## Your goal
The first line of the entries through the line bearing "Step 5 Making": copy these lines exactly and return nothing else.

Scraped caption text data
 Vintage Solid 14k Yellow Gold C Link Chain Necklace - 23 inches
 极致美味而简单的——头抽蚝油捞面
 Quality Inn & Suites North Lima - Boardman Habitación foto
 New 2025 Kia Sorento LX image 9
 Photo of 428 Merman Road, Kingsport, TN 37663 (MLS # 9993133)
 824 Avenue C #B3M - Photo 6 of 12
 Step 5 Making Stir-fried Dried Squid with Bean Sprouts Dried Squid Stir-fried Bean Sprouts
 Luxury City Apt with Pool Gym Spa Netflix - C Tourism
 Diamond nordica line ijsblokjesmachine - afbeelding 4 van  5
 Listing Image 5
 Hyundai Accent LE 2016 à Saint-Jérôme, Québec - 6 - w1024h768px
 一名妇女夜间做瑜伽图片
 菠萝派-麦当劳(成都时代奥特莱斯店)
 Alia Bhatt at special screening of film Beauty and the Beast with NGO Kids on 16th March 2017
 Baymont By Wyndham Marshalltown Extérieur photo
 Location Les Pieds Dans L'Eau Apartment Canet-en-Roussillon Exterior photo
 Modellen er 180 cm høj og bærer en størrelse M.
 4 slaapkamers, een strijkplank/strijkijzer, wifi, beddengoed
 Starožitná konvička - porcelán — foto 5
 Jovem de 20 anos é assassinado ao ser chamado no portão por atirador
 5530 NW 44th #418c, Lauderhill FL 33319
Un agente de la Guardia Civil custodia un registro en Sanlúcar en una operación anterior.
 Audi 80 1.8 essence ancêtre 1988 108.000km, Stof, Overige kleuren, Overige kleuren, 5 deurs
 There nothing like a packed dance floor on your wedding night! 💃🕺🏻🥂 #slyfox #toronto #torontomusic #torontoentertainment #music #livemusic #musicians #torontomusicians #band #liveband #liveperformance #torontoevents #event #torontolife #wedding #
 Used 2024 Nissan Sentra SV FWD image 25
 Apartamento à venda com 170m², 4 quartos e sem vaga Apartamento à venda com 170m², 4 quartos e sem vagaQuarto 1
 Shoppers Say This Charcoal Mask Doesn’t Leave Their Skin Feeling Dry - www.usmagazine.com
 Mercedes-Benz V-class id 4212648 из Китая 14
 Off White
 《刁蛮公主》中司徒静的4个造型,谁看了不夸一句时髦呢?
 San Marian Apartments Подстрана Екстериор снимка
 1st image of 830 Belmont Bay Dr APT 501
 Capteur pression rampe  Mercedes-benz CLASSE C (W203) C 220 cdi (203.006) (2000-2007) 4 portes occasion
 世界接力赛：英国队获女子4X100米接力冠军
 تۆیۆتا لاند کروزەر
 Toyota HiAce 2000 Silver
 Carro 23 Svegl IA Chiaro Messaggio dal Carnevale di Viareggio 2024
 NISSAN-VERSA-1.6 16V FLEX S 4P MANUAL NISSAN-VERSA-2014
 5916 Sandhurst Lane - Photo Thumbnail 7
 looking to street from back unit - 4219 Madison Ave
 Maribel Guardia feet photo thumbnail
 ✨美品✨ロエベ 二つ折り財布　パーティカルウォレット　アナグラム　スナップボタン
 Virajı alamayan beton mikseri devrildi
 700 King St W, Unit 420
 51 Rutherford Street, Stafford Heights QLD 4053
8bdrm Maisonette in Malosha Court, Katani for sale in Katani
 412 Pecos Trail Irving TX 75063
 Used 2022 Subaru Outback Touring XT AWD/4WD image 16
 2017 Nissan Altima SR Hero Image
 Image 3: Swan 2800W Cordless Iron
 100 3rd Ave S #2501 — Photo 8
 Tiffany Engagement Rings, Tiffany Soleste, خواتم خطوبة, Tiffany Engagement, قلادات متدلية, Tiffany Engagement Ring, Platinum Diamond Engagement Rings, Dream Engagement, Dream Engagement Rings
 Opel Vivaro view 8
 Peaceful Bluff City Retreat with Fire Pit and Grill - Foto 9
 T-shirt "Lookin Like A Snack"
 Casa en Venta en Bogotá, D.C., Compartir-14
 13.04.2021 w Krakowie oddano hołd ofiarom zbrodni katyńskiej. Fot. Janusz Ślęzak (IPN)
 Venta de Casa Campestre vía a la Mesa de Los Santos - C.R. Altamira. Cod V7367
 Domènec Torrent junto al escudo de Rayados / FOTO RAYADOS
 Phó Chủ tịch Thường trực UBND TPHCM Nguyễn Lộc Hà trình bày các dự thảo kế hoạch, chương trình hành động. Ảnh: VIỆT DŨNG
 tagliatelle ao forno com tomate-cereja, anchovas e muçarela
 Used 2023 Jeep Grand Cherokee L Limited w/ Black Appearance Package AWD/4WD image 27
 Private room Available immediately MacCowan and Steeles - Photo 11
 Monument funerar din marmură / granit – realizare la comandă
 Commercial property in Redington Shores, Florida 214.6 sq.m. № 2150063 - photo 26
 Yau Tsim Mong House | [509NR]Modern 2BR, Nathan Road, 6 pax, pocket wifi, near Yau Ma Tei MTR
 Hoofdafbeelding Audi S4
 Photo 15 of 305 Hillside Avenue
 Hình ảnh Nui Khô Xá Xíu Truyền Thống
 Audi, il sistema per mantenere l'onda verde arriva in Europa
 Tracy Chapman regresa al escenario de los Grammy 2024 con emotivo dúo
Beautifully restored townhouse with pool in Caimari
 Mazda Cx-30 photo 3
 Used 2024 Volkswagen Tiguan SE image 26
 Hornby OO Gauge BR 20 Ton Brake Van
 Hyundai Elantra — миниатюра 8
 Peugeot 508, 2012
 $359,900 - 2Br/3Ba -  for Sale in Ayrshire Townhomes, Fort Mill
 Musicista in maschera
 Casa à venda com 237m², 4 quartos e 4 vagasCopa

## Exercise solution
 Vintage Solid 14k Yellow Gold C Link Chain Necklace - 23 inches
 极致美味而简单的——头抽蚝油捞面
 Quality Inn & Suites North Lima - Boardman Habitación foto
 New 2025 Kia Sorento LX image 9
 Photo of 428 Merman Road, Kingsport, TN 37663 (MLS # 9993133)
 824 Avenue C #B3M - Photo 6 of 12
 Step 5 Making Stir-fried Dried Squid with Bean Sprouts Dried Squid Stir-fried Bean Sprouts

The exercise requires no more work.